= RAW DATA =
╔══
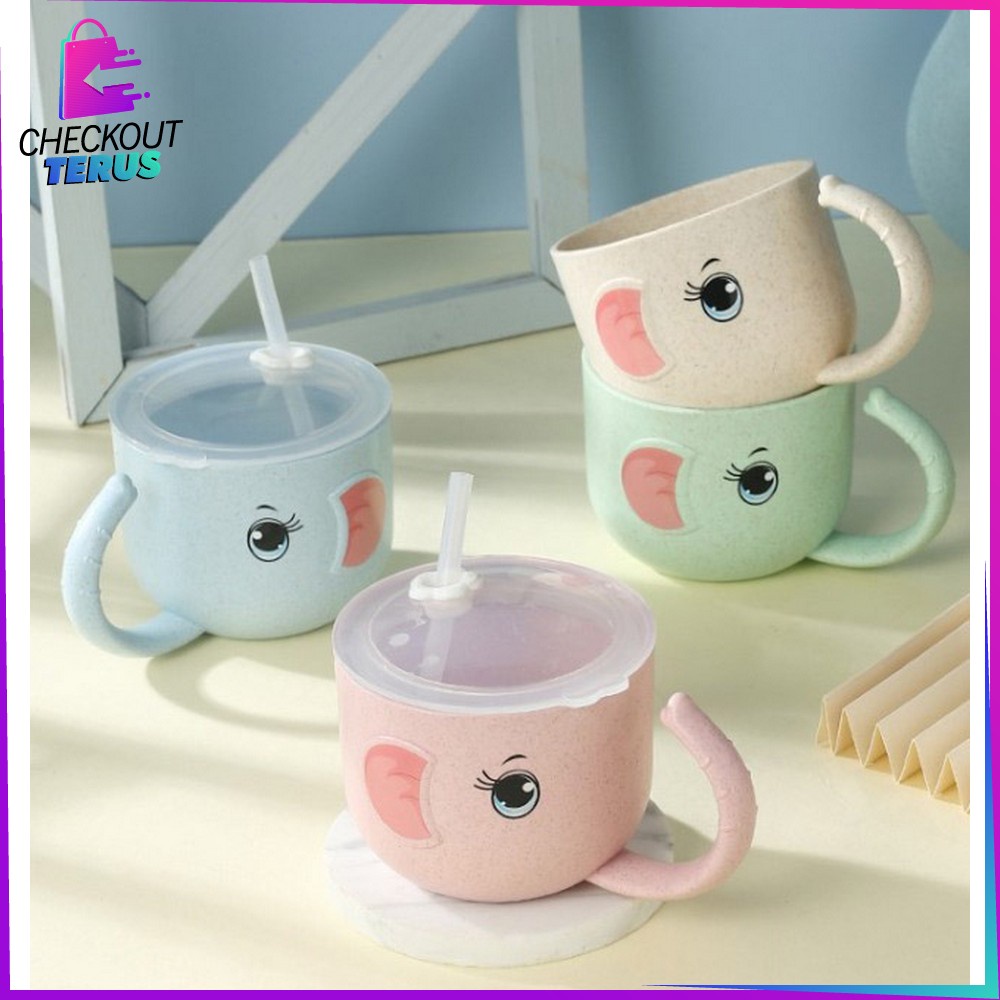 CT C381 C382 Gelas Minum Anak Anti Tumpah Gelas Jerami Mug Cangkir Anak Lucu Karakter Kartun Cangkir Baby Wheat Straw Baby Cup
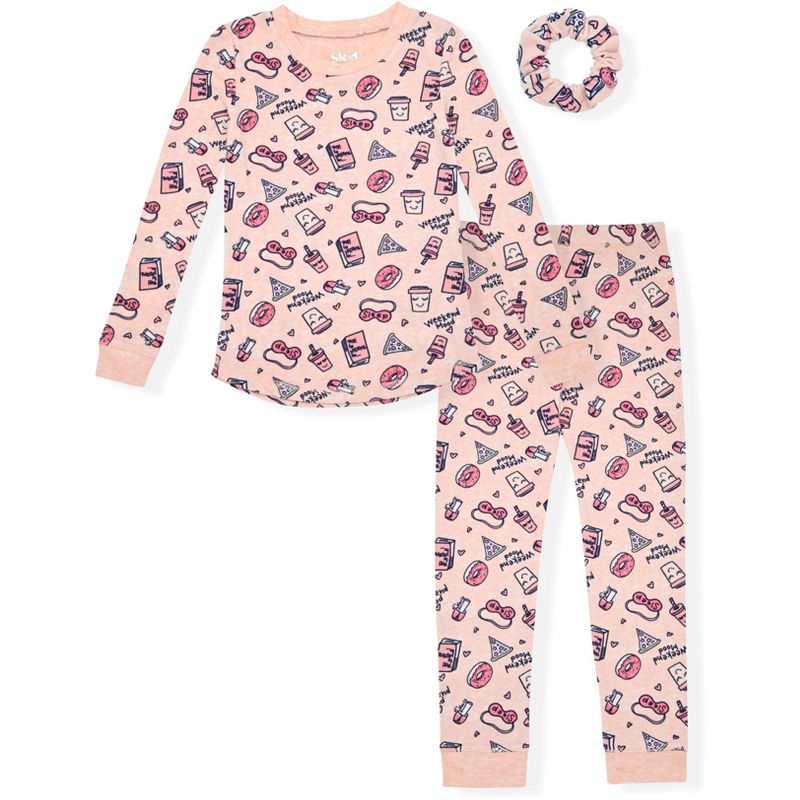 Sleep On It Girls 2-Piece Super Soft Jersey Long Sleeve Snug-Fit Pajama Set - Toddler Pajamas to Girls Pajama Sets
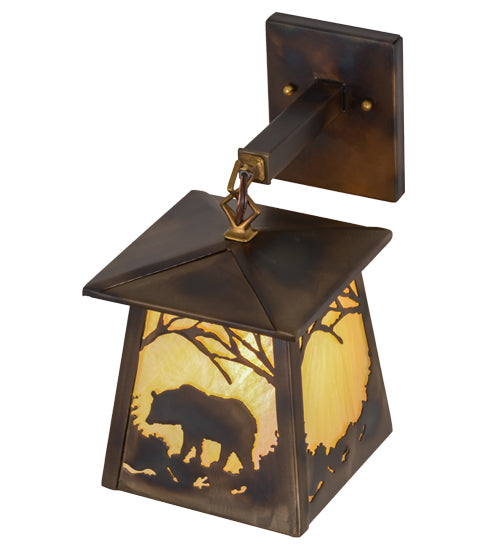 Meyda Lighting Bear at Dawn 7" Dark Burnished Antique Copper Hanging Wall Sconce With Beige Iridescent Shade Glass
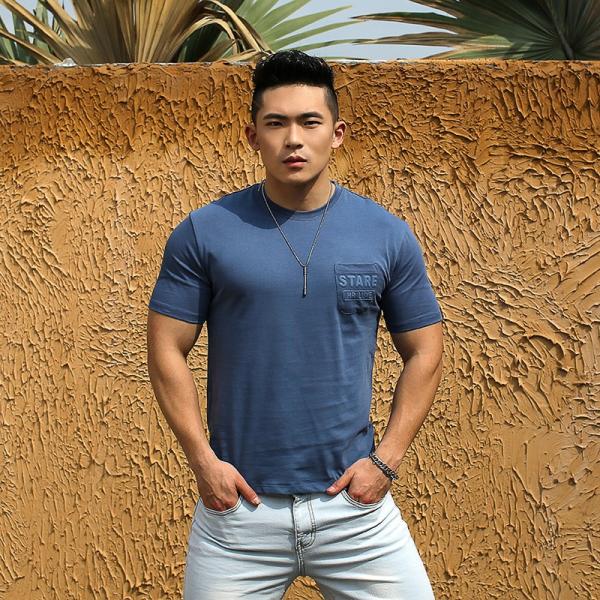Mr.Hui Tシャツ メンズ 半袖 トレーニングウェア ジムウェア ボディビル綿100% 4色 H...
╚══
= TASK STATEMENT =
Only the pictures are to be left out; print everything else in the listing exactly.

= WRITTEN RESPONSE =
 CT C381 C382 Gelas Minum Anak Anti Tumpah Gelas Jerami Mug Cangkir Anak Lucu Karakter Kartun Cangkir Baby Wheat Straw Baby Cup
 Sleep On It Girls 2-Piece Super Soft Jersey Long Sleeve Snug-Fit Pajama Set - Toddler Pajamas to Girls Pajama Sets
 Meyda Lighting Bear at Dawn 7" Dark Burnished Antique Copper Hanging Wall Sconce With Beige Iridescent Shade Glass
Mr.Hui Tシャツ メンズ 半袖 トレーニングウェア ジムウェア ボディビル綿100% 4色 H...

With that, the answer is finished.